Trabzon’da küçük Aybüke, erken teşhisle kekemeliği yendi

AA

Kızı 2,5 yaşındayken konuşma zahmeti fark eden Seda Akçay, sorunun üzerine giderek birinci olarak bir rehabilitasyon merkezine başvurdu. Burada, durumun süreksiz kekemelik olabileceği bilgisi verilse de, Akçay kızı Aybüke’yi yakından izlemeyi sürdürdü. Sorun devam edince, yaklaşık bir yıl evvel diğer bir merkeze daha başvuran Akçay, Aybüke’nin burada kekemelik teşhisi almasıyla birlikte kapsamlı bir terapi sürecine başladı. Bir yıl süren eğitim ve terapiler sonucunda Aybüke’nin konuşmasındaki meseleler değerli ölçüde giderildi.

Seda Akçay, tedavi sürecinin kızı için büyük bir dönüşüm sağladığını belirterek, “Aybüke’nin özgüveni arttı, kendisini çok daha âlâ tabir ediyor,” dedi. Akçay, bu sürecin Aybüke’nin kaygılandığında ya da heyecanlandığında yaşadığı takılma ve bloklanmaları da azalttığını tabir etti.

Benzer bir sorun yaşayan ailelere erken müdahalenin kıymetini vurgulayan Akçay, “Bence her anne çocuğundaki farklılıkları hisseder. ‘Çocuktur geçer’ üzere kelamlara kulak asmadan dayanak arayışına girmeliler. Çocuğun birinci hekimi, aslında annesidir; olağandan bir sapma olup olmadığını en âlâ o anlar. Şayet takviye almasaydık, Aybüke’nin durumu daha makus olabilirdi.
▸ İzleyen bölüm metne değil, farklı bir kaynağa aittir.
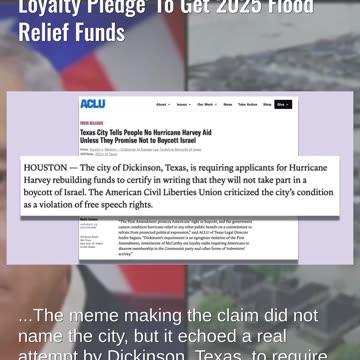 Fact Check: Texas City Did NOT Require Residents To Sign 'Israel Loyalty Pledge' To Get Flood Relief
Evvelce çekinme, utanma hisleri fazlaydı, lakin şu an çok daha uygun bir yerdeyiz,” diyerek öbür ebeveynlere tavsiyelerde bulundu.

“KEKEMELİK, TELAŞLA ALAKALI BİR DURUM”

Özel bir rehabilitasyon merkezinde Lisan ve Konuşma Terapisti olarak vazife yapan Aybike Öksüz, Aybüke’nin kekemeliği aşma sürecinde oyun, tekrarlar ve vazifeler aracılığıyla değerli ilerleme kaydettiğini belirtti. Kekemeliğin dertle yakından bağlı olduğuna dikkat çeken Öksüz, bu durumu bir buz dağına benzeterek şunları söyledi:

“Kekemelik çok boyutlu bir durum ve adeta bir buz dağının görünen yüzü üzere; insanların fark ettiği tekrarlar ve blokların altında, korku, dehşet ve telaş üzere derin ruhsal süreçler yatıyor. Bu nedenle, Aybüke ile hisler üzerinde çalıştık ve onun hisleri tanımasına yardımcı olduk. Akabinde, tasayı azaltmak hedefiyle dışarıda vazifeler gerçekleştirdik. Terapilerimizin son evresinde duyarsızlaştırma çalışmaları yaparak süreci tamamladık. Aybüke artık kendini denetim edebiliyor ve tasa düzeyi epeyce düşük.”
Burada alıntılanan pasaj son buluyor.